▶
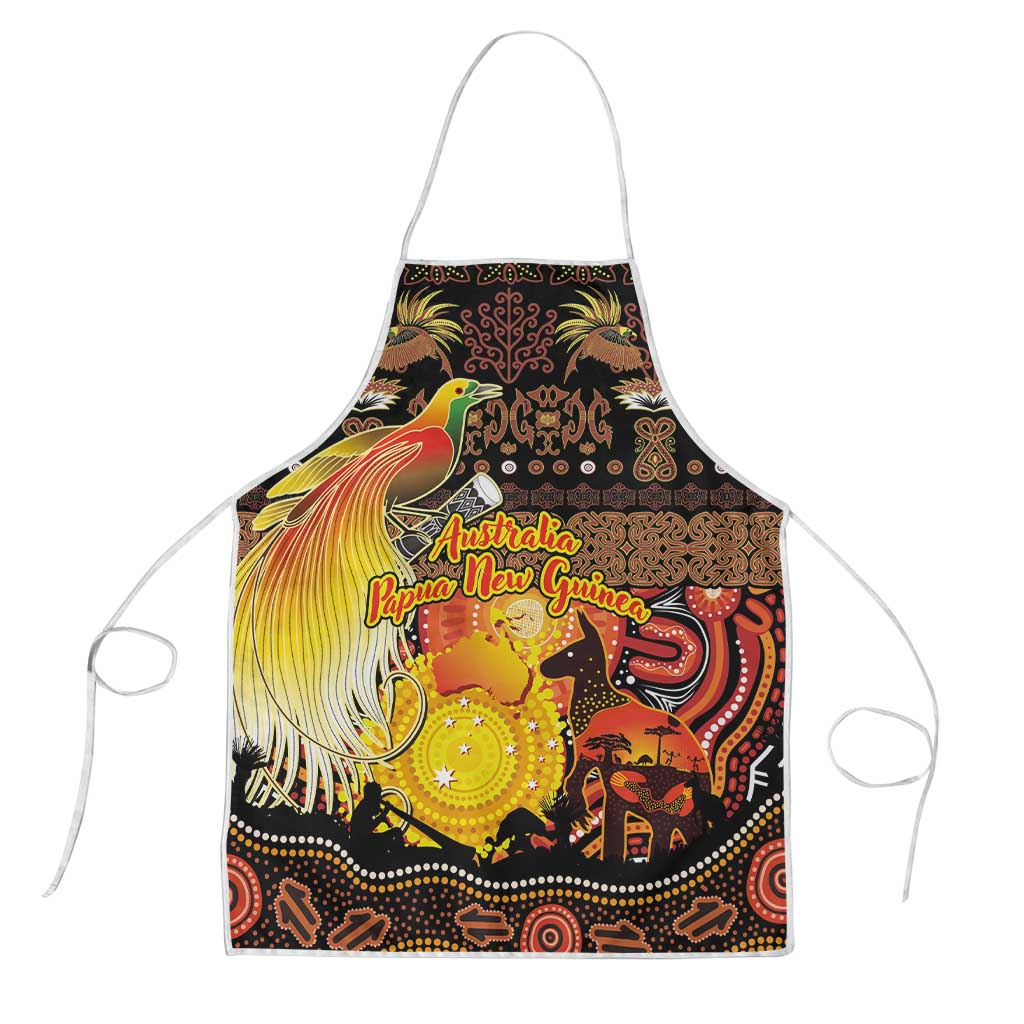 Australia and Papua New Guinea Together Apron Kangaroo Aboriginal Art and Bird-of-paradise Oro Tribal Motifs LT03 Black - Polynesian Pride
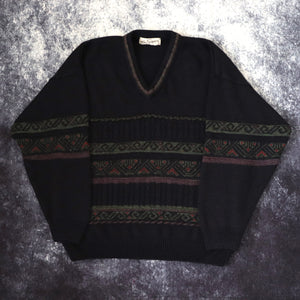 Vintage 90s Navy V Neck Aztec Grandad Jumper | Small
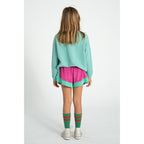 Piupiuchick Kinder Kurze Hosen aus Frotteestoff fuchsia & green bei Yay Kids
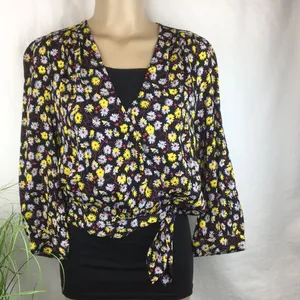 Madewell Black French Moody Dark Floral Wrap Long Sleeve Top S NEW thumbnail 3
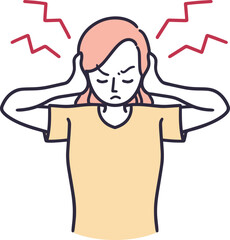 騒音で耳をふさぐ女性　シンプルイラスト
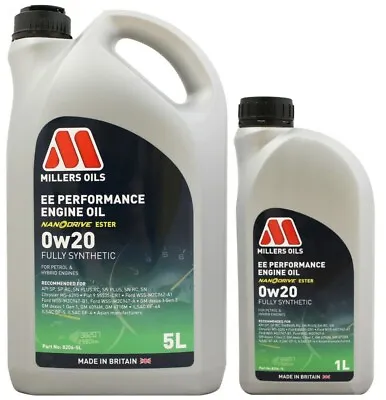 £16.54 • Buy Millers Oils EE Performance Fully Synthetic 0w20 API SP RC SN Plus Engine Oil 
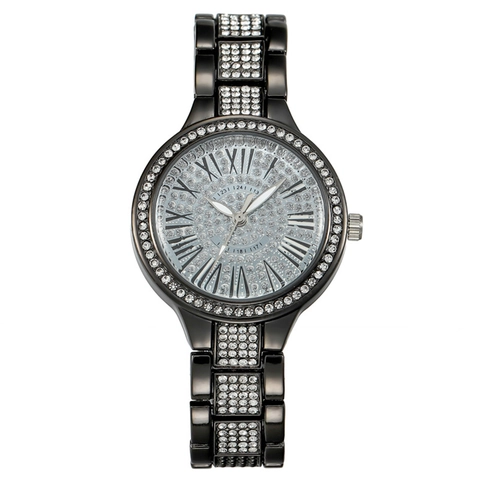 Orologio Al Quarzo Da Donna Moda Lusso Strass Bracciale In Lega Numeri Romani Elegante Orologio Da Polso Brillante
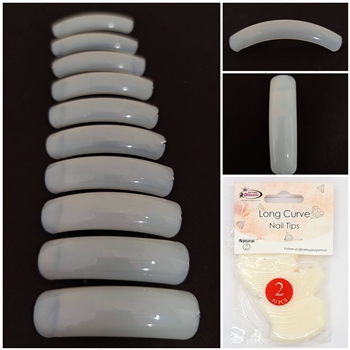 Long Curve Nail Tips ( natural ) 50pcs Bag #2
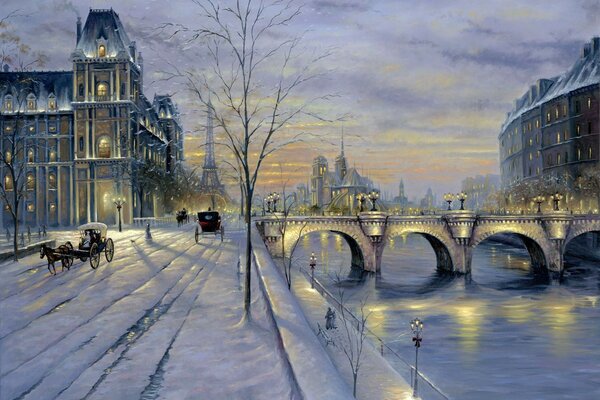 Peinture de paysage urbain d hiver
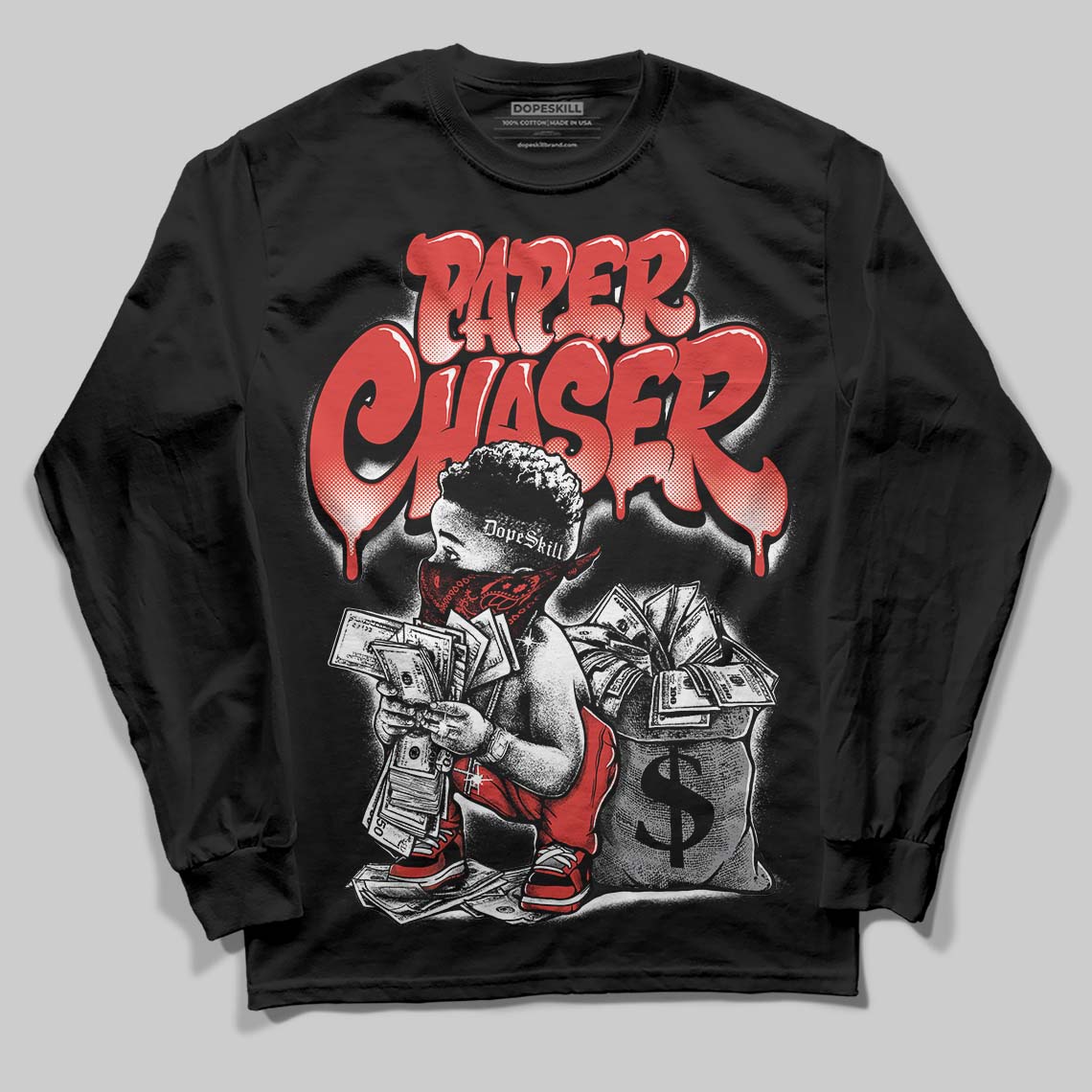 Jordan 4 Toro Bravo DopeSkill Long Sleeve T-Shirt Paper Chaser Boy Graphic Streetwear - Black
◀
### ABOUT THIS TASK
Output, exactly as written, only the lines from the beginning of the listing through the line containing "Vintage 90s Navy", both included, and no pictures.

### SOLVED EXERCISE
 Australia and Papua New Guinea Together Apron Kangaroo Aboriginal Art and Bird-of-paradise Oro Tribal Motifs LT03 Black - Polynesian Pride
 Vintage 90s Navy V Neck Aztec Grandad Jumper | Small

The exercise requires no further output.